I shivered at the sound of my name on his lips. Then I
just nodded because I couldn’t think of anything else to say. I drove away, glancing in my rearview mirror to see if he was following me but I couldn’t tell which was his car. It only took about ten minutes to reach the end of town and another five to get to the farm. I passed the Christmas tree lot and Granddad on his tractor a few acres back. The Christmas pine tree crop was part of the reason the farm was named after Jack Frost. Granddad never could resist a pun or any kind of wordplay. It drove Nanna batty.
I texted Eloise once I’d parked the car.
ROCK STAR. AT THE FARM
!!! I texted Devin the same thing, mostly because it bugged him when I did. I climbed out of the car and leaned against the door. Since it was Sunday, Nanna would be in the back kitchen, baking apple and pumpkin pies to sell at the farmers’ market. I made myself turn around to get my knapsack out of the back of the car so it wouldn’t look like I was staring at the road, waiting.
When I popped my head back out, he was there. I jumped, startled.
“Easy,” he said softly, taking my bag so it didn’t drop. He put it on the hood of the car and then rested his arm on the window beside me. He blocked out the sun, which shone so brightly behind him he was a black silhouette.
“I didn’t see you,” I said lamely.
“A friend was waiting for me. I had him drop me at the end of the lane.”
“Oh.”
He was really close. I could see the flecks of light gray in his black eyes. I didn’t even know irises could come in that color. My breath felt wispy in my chest.
He leaned closer still, his mouth hovering near mine. “Why don’t you show me to the dry well, Jo.”
I swallowed. “Okay.” He pulled back and I felt the ridiculous urge to grab his arms and keep him there. This heat better break soon. It was making me stupid. “This way. The main well’s back there behind the barn, but if you need an apple branch we’ll have to go to the orchards.”
We went down the gravel lane into the apple orchard, the humid heat like water between us. He didn’t seem affected, even though he was wearing jeans. I was in a long skirt and tank top, praying I wasn’t visibly sweating. My braid hung behind me, bumping my lower back as we walked. His hands were in his pockets. He tossed his hair out of his face.

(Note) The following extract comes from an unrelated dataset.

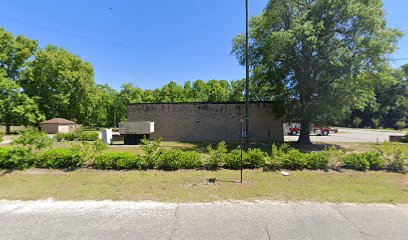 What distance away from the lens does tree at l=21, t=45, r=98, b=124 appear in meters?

I took him into the rows of the older trees, the hot air full of the sweet smell of rotting apples. Bees drifted lazily in between the trees. He dropped his gaze to the ground, searching.
“There,” he said finally, pointing to a low branch. “We’ll have to cut one down. It needs to be a Y shape.”

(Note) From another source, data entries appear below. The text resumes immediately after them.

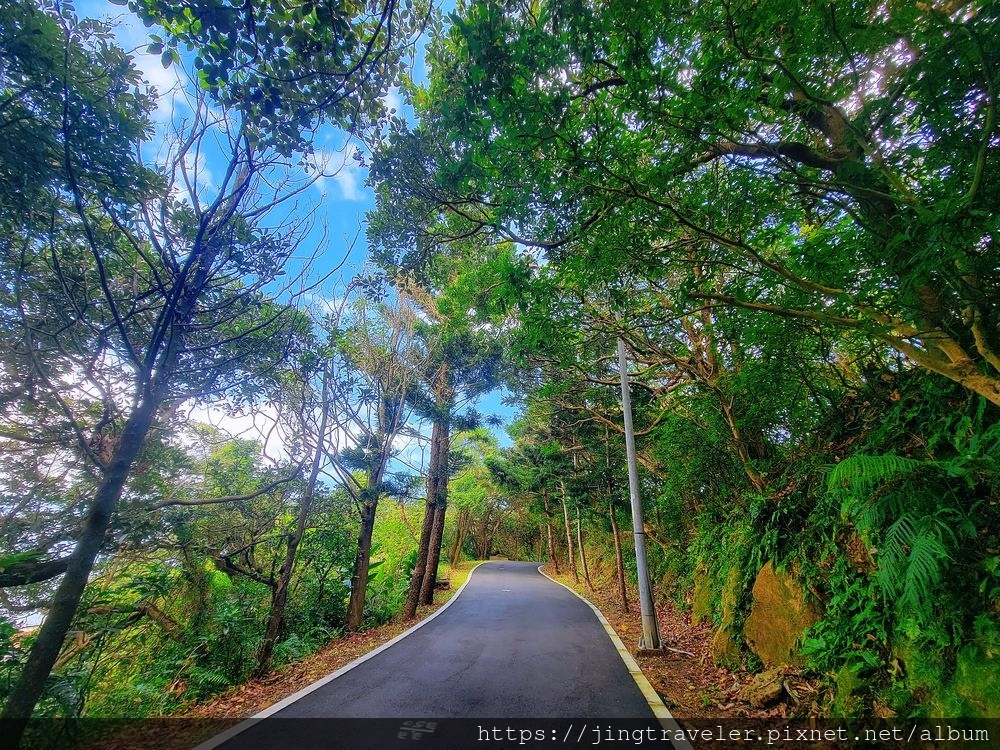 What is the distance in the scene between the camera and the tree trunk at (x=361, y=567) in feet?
26.9

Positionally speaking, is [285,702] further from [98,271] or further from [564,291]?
[564,291]

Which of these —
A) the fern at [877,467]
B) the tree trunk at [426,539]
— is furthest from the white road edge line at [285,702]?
the fern at [877,467]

“Sure.” I doubled back to the previous row and plucked a hand saw out of a large barrel of assorted tools. I was very aware of him watching me as I reached up and sawed the branch off. I patted the trunk. “Sorry,” I whispered. He’d probably think I was barking mad for talking to the trees,
but Nanna and Granddad both did too, and I’d picked up the habit. He didn’t say anything, just smiled.

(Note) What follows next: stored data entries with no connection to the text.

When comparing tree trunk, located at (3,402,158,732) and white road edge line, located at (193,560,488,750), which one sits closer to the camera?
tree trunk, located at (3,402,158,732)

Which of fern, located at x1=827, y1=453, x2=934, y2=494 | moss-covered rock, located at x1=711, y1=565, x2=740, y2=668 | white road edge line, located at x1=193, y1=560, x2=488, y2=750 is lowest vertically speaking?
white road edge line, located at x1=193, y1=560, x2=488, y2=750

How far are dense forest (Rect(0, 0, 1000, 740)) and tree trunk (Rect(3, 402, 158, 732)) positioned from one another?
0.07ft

“You’re handy with a blade,” he finally said.
I shrugged one shoulder. “I grew up here.” I handed him the branch and he stripped the leaves off. The gray bark shone like silver.
“It’ll do,” he approved. “In the old stories there’s an island of apple groves called Avalon. It’s the fruit of love.”
“I thought it was temptation.”
“That too.”
We made our way to the barn and I took him around the back where the well was, its round concrete cover hidden in masses of soapwort and yellow trefoil. He circled it three times.